Reputation: 1267
Im trying convert an RDD form couchbase into a DataFrame (scala 2.11 - and spark 2.1) but get an overloaded error, my code is below, any ideas? Another thread didnt quite answer this.
Im doing this in a Databricks notebook and I use the couch connector for pure DataFrames fine, but if I want to do a customer N1QL query, someting more bespoke, this is the best I can figure, using RDDs first?
Firstly is there a better way to execute this query in native Dataframe? I think I need to use n1qL and RDD or am I missing something here?
Please let me know what Im doing wrong with the RDD conversion code below, I also get the :84: error: overloaded method value createDataFrame with alternatives: error....Thanks!
val reconciliationSchema =
new StructType()
.add("numEvents", IntegerType)
.add("eventCategory", StringType)
.add("eventName", StringType)
val orderEventsCouchbaseQuery = """
SELECT
count(*) as numEvents, event.eventCategory, event.eventName
FROM
events
WHERE
STR_TO_UTC(event.eventOccurredTime)
BETWEEN STR_TO_UTC("2017-06-16") AND STR_TO_UTC("2017-06-26")
GROUP BY event.eventCategory, event.eventName
order by event.eventCategory, event.eventName
"""
val queryResultRDD = sc.couchbaseQuery(N1qlQuery.simple(orderEventsCouchbaseQuery),"events").map(_.value)
val queryResultDF: DataFrame = spark.createDataFrame(queryResultRDD,reconciliationSchema)
display(queryResultDF)
Upvotes: 0
Views: 264
Reputation: 1124
I think the problem you are running into is not so much a couchbase related one, but rather a spark/scala type inference issue.

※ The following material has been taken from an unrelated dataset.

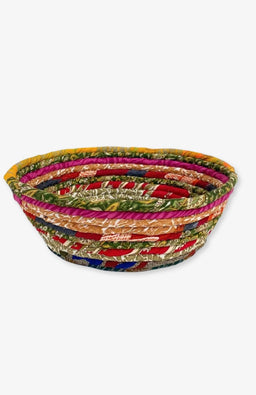 Recycled silk sari scraps are wrapped around cotton rope to create these one-of a kind coiled bowls. Handmade in Nepal.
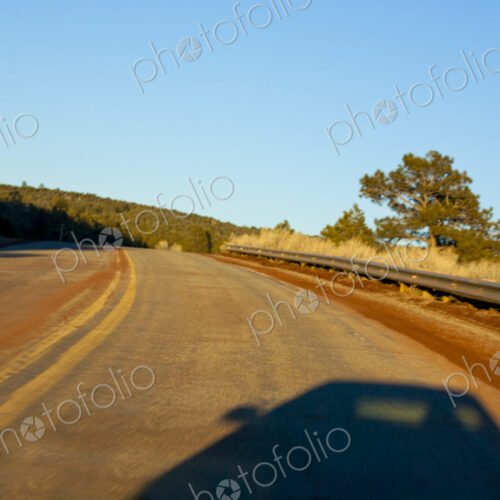 Car shadow on a two lane highway, New Mexico.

When you use createDataFrame
, spark in this case needs to work with a Row
and not with the return type of a couchbase query for that rdd.
So here is some similar sample code where you can see that when turned into a row it works fine:
val query = N1qlQuery.simple("" +
"select country, count(*) as count " +
"from `travel-sample` " +
"where type = 'airport' " +
"group by country " +
"order by count desc")
val schema = StructType(
StructField("count", IntegerType) ::
StructField("country", StringType) :: Nil
)
val rdd = spark.sparkContext.couchbaseQuery(query).map(r => Row(r.value.getInt("count"), r.value.getString("country")))
spark.createDataFrame(rdd, schema).show()
Upvotes: 1